Top 5 Myths Silver Investors Still Believe Today

Weighing silver and gold
by: Ben Tseytlin - on Gold & Bullion

Because silver is more affordable compared to other precious metals, it comes as no surprise that the market is filled with speculators who place short term bets, hoping to get rich overnight. While paper players like this are able to control the price of silver for a few months, it is necessary to mention that they erroneously base their decisions on perception rather than reality. It is these perceptions – often followed by poor investment decisions – that have strongly contributed to the misconceptions regarding the silver market these days we are going to discuss in this guide.

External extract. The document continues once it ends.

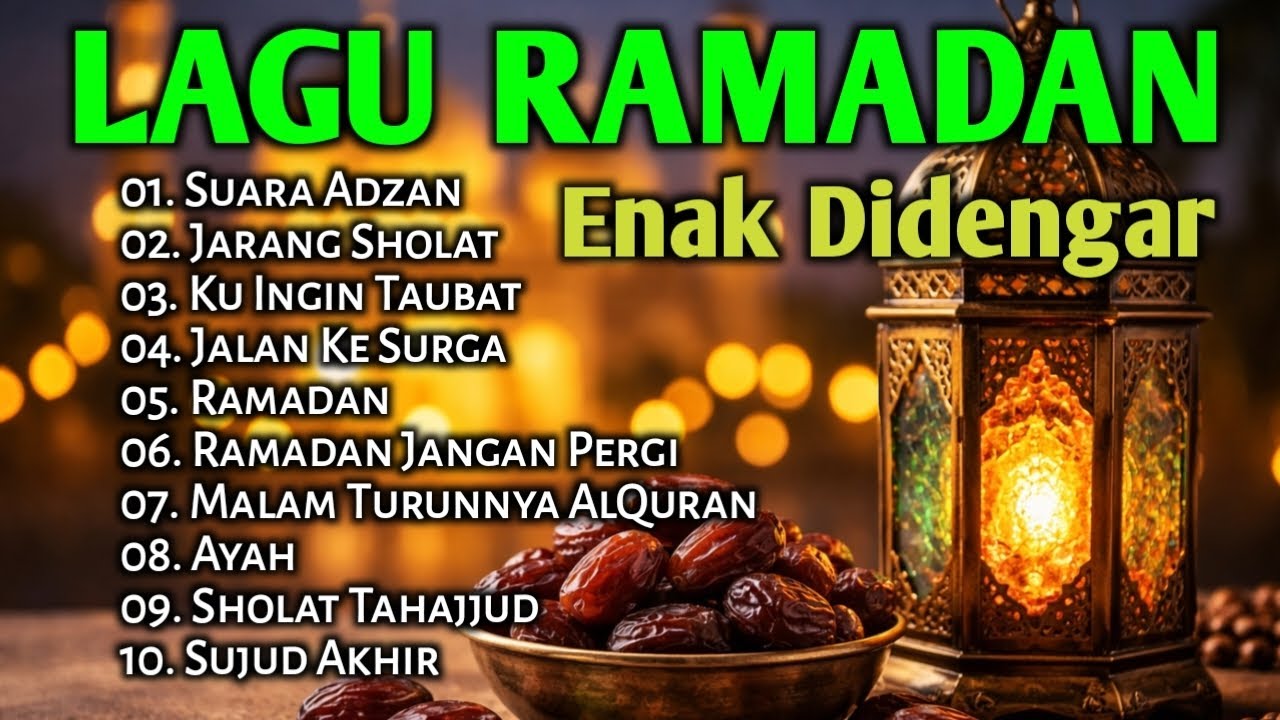 Lagu Ramadhan 2026, Lagu Religi Islami, Lagu Ramadhan Terbaru, Lagu Ramadhan, Lagu Religi, Sholawat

  1. Silver coins are more abundant than gold coins

Gold has had a good reputation and was deemed as valuable from immemorial times, whereas silver only achieved this status a couple of centuries ago. Therefore, because it didn’t bear the precious metal marking, silver was recklessly utilized and never recycled. As of such, it is estimated that today there are only 1.4 billion ounces of silver as opposed to 3 billion ounces of gold. In spite of the fact that the mining industry manages to produce around 80 million more ounces of silver annually, all signs suggest that the silver stockpiles will reach the equivalent of the gold resources in less than 15 years.

Weighing silver and gold

  1. The high price of the precious metal make it less desirable by manufacturers

While it is true that the industry demand for silver stagnated during the previous decade – especially if you think that silver went from $4 to $20 per ounce during that time – let’s not forget that the amount of the precious metal utilized for manufacturing cell phones and computers is not that high after all. Not only is this demand independent from the price, but it is predicted that it will grow with the discovery of new technologies.

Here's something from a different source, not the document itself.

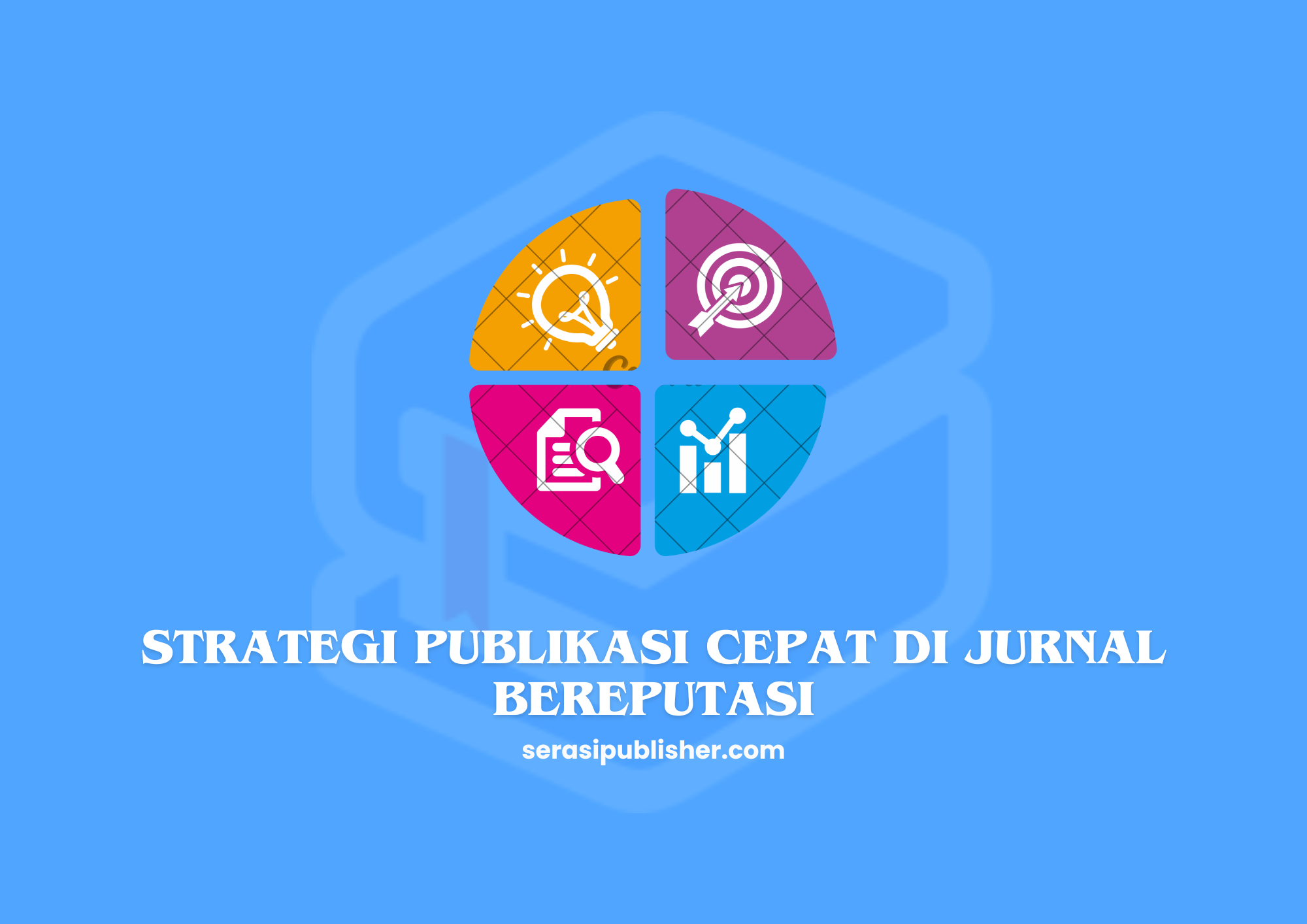 Strategi Publikasi Cepat di Jurnal Bereputasi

  1. The price of silver is influenced by global economic changes

With the recession of 2008, it was estimated that the demand for silver for manufacturing and jewelry dropped by roughly 80 million ounces in a relatively short period. To stabilize the price of silver, investors thought the only solution implied making up for the huge differences, which was said to be around 100 million ounces. This was a terrible decision for the economies, because this action led to a significant decrease of the physical demand of the precious metal followed by an inevitable plunge in the price of silver.

  1. Retail investors don’t intend to re-monetize silver

Considering the buying and selling silver activities over the past two centuries, you might be tempted to believe this is actually true. However, at a close analysis of the market you will discover numerous attempts from authorities – especially Mexico and the United States – to bring back silver coins into the market.

  1. Silver is bound to get recycled in the near future

Perhaps due to its scarcity, many believe that silver – and particularly silver jewelry – will be melted down in the near future. Frankly, this argument doesn’t stand considering that certain pieces of silver jewelry cost more than the price per bullion for instance. Moreover, you have no way of gathering all the silver jewelry pieces in one place. There isn’t just one person owning millions of ounces of silver jewelry, but rather the metal is owned – in very small amounts – by more than one billion people worldwide.